SA must implement Renewable Energy Masterplan urgently, says Gaylor Montmasson-Clair

South Africa imported R17.5 billion in solar panels in 2023. Picture Henk Kruger/Independent Newspapers

South Africa imported R17.5 billion in solar panels in 2023. Picture Henk Kruger/Independent Newspapers

Published Mar 20, 2024


South Africa should implement the SA Renewable Energy Masterplan (Sarem) as soon as possible, as every day’s delay is a wasted opportunity, said Sarem facilitator Gaylor Montmasson-Clair yesterday on the side lines of the Solar Storage Live Africa and Future Energy Show.

Sarem is an industrial and inclusive development plan for the renewable energy and storage value chains by 2030, aimed at helping South Africa re-industrialise after load shedding resulted in manufacturing and mining constraints and the consequent jobs bloodbath.

“Sarem was finalised in December, and we were hoping to start implementation in March or April, but now I am not sure when it will be implemented. We started this process in early 2021, and we have ticked all the boxes as far as consulting and getting buy-in from all affected parties,” he said.

Montmasson-Clair has been highlighting how much money is spent by South Africa on importing batteries, inverters and solar panels.

South Africa imported R17.5 billion in solar panels in 2023, this as load shedding increased from 2 492 Gigawatt-hours (GWh) in 2021 to 1 1879GWh in 2022 to 24 638GWh in 2023. The solar panels imported in 2023 have a capacity of some 5 000MW, more than the capacity of a new coal-fired power station, such as Medupi.

The demand for alternative energy sources has increased as electricity supplied by Eskom became more and more unreliable, which is why a show such as the Solar Show attracts some 20 000 visitors over three days with 500 exhibitors showing how businesses and homes can cut their reliance on Eskom power.

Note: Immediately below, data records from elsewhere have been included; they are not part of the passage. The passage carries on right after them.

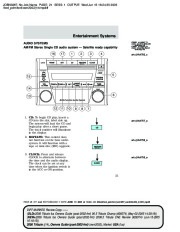 2006 Mazda Tribute Owners Manual, 2006 page 21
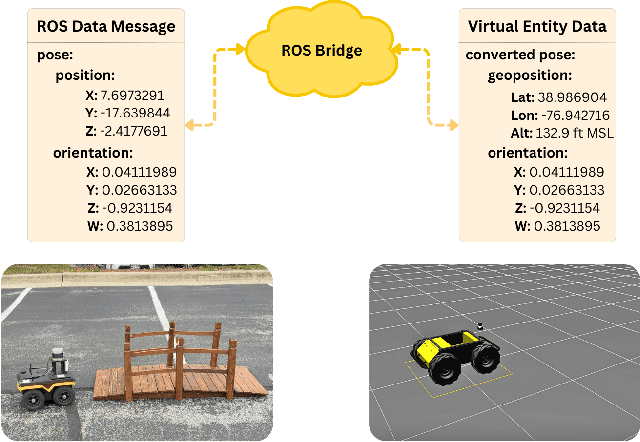 Figure 4 for SERN: Simulation-Enhanced Realistic Navigation for Multi-Agent Robotic Systems in Contested Environments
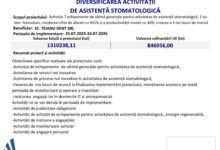 Braşov | MyTex.ro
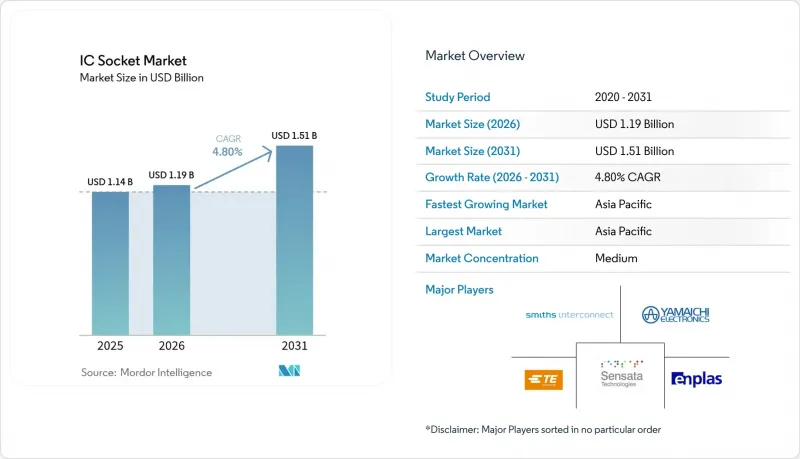 IC Socket - Market - IMG1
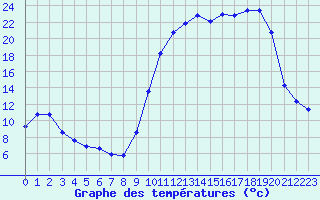 Courbe de tempratures pour Brigueuil (16)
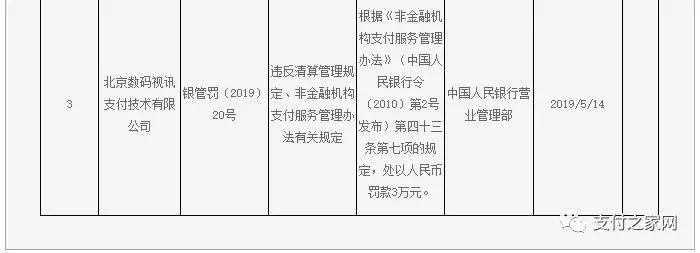 央行连开三张罚单，百付宝等违反清算管理规定遭罚！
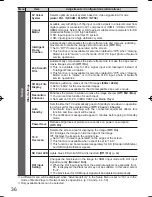 Preview for 37 page of Panasonic Viera TH-P50VT20D Operating Instructions Manual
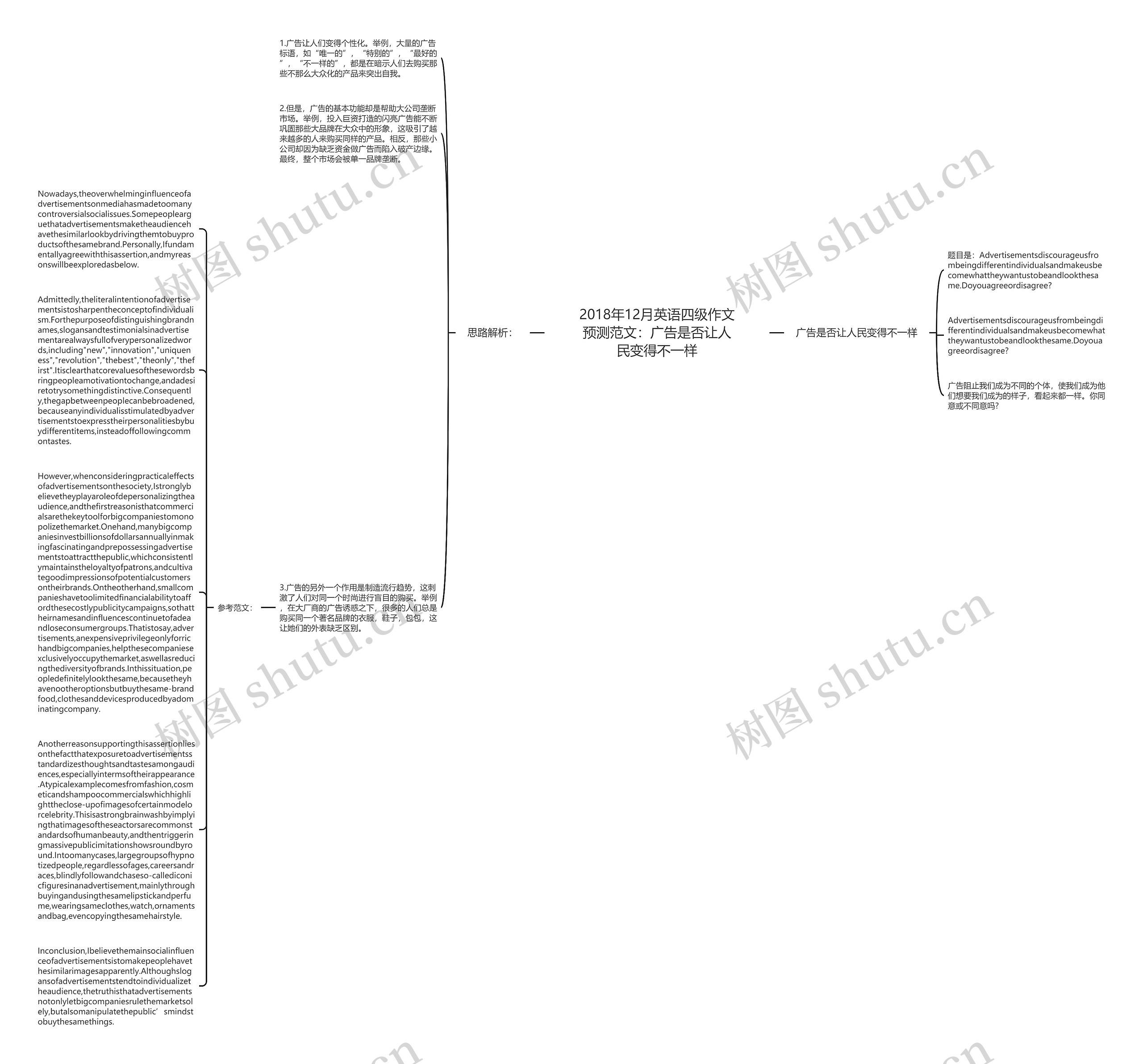 2018年12月英语四级作文预测范文：广告是否让人民变得不一样思维导图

“Imports lag the National Energy Regulator of South Africa (Nersa) approval by one quarter, so we saw a surge in approvals in the first quarter, which was then followed by a jump in imports in the second quarter,” Montmasson-Clair said.

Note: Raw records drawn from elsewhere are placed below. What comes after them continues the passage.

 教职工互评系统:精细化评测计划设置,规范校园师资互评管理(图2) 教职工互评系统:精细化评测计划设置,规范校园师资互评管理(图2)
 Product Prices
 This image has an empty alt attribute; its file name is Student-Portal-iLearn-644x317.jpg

In the first quarter of 2023, some R3.6bn in solar panels were imported followed by a record R8.4bn in the second quarter, but since has dropped below the R5bn-level.

As load shedding is unlikely to end any time soon, increasing from 813GWh in December to 1 237GWh in January, and 1 987GWh in February, the sustained demand for non-Eskom power has created local business opportunities.

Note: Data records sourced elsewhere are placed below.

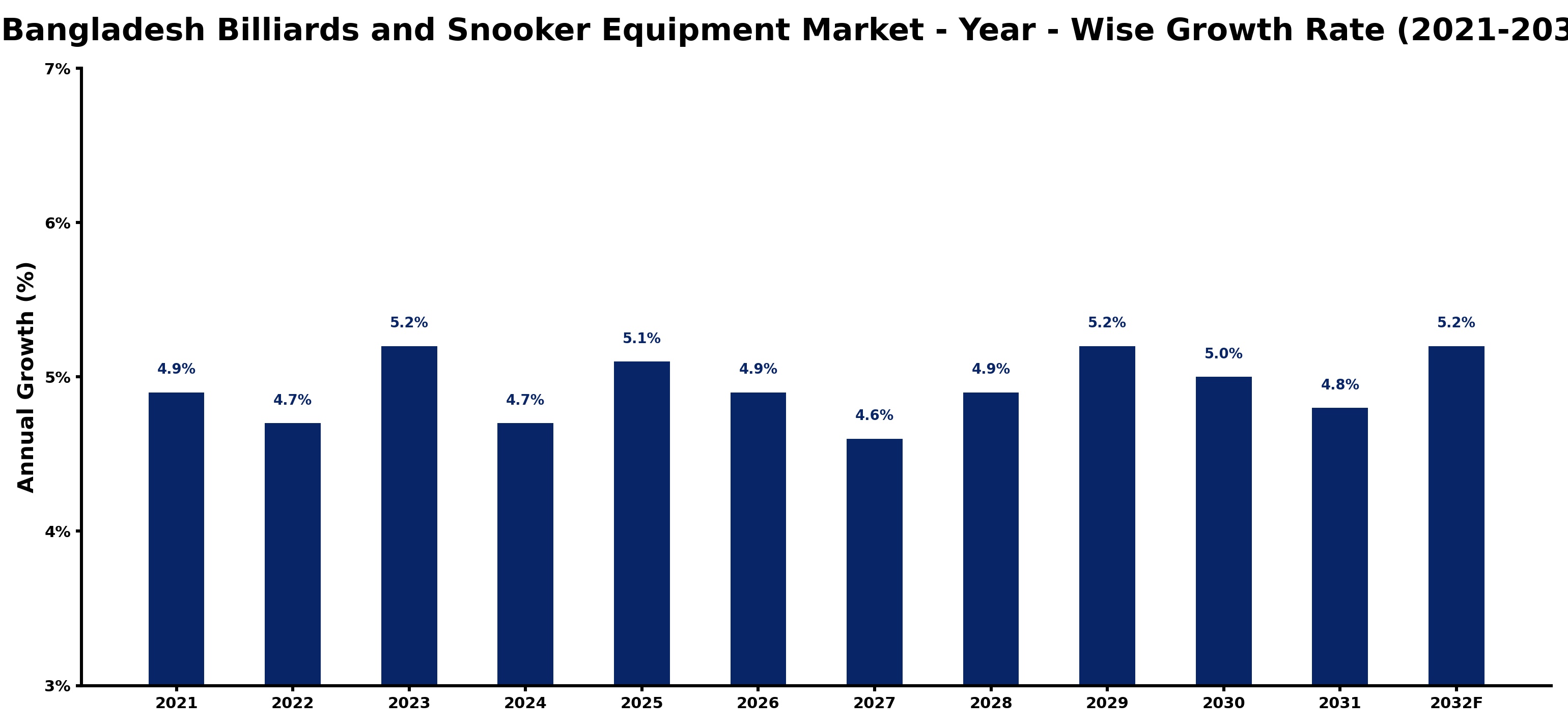 Bangladesh Billiards and Snooker Equipment Market Year-wise Growth Rate and Key Drivers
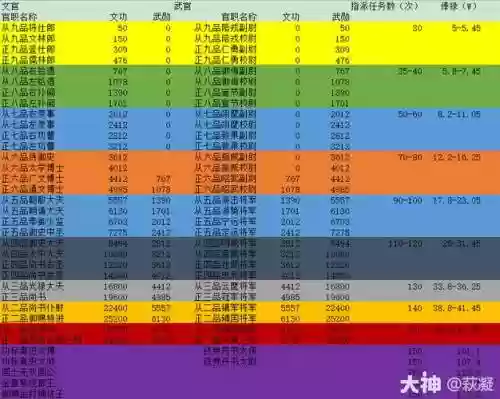 梦幻西游官职100次_1插图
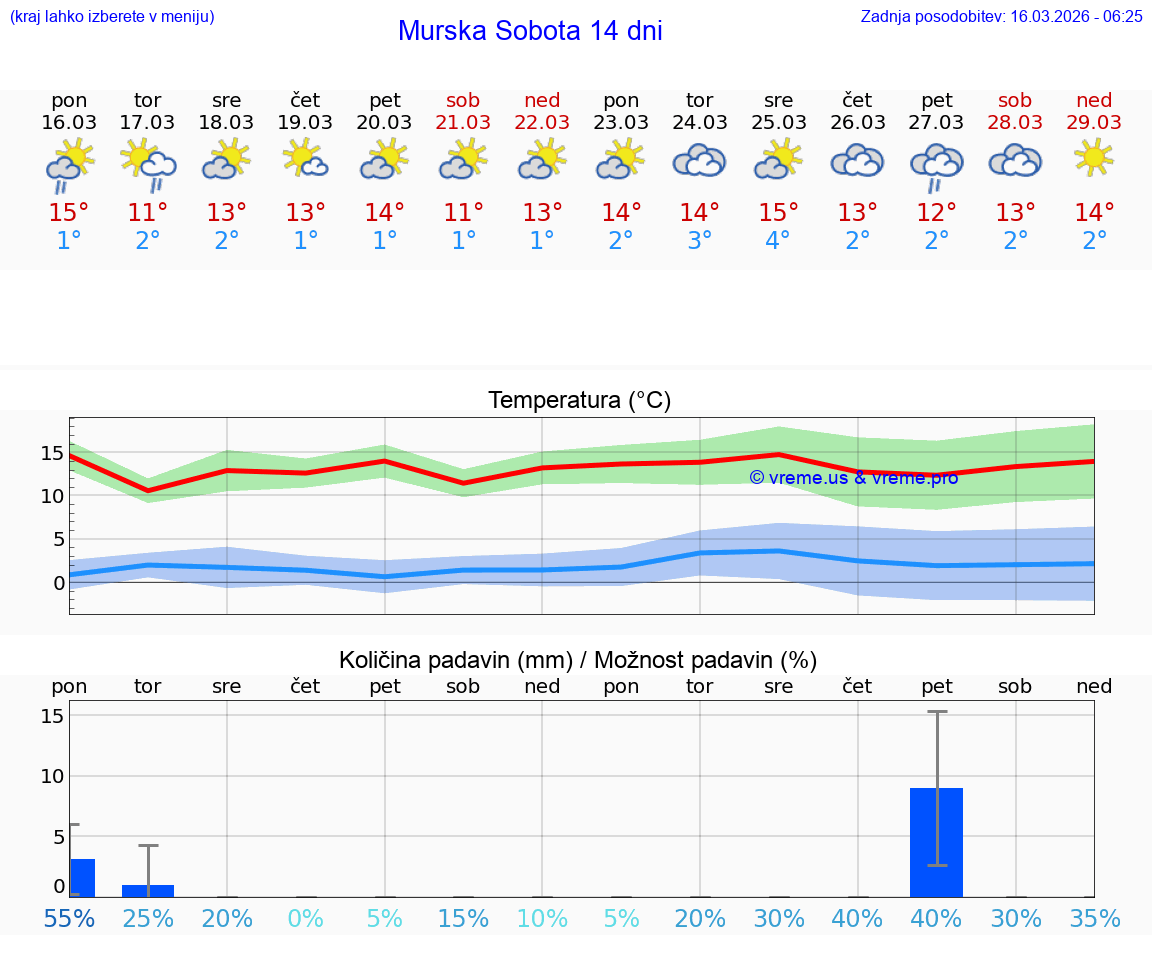VREME 25 DNI  Murska Sobota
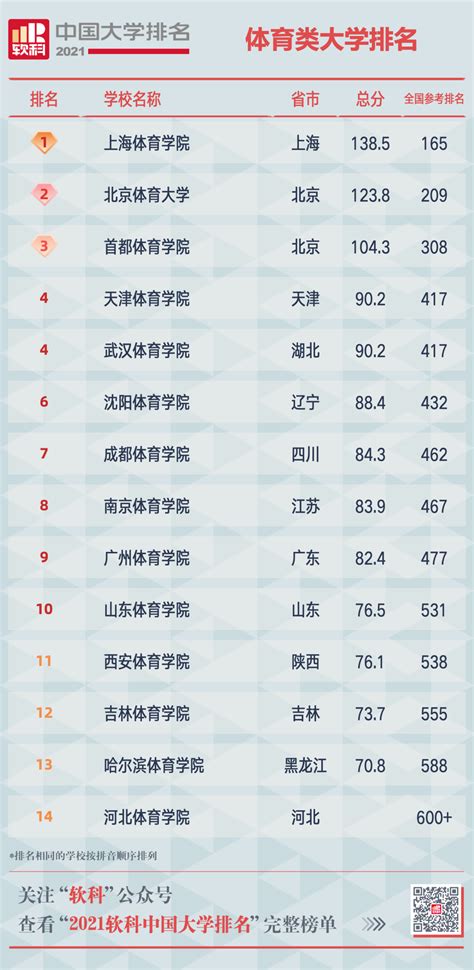 2018全国体育大学排名一览表 北京体育大学排行榜榜首;上海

A local solar panel and related accessories, such as inverters and batteries, a manufacturing industry could potentially emerge which is why Montmasson-Clair is urging the early implementation of Sarem.

In South Africa, the early deployment of renewable energy and battery technologies consist of pilot projects and niche applications, such as the electrification of remote communities and back-up for telecommunication towers, as these were too far away from the electricity grid.

The roll out of renewable energy technologies took off from 2011, with the launch of the government-led Renewable Energy Independent Power Procurer Procurement Programme (REIPPPP). South Africa was hailed as an example of how to implement this until Eskom in 2016 abruptly refused to sign contracts that would have allowed the Independent Power Producers (IPP) to achieve financial closure.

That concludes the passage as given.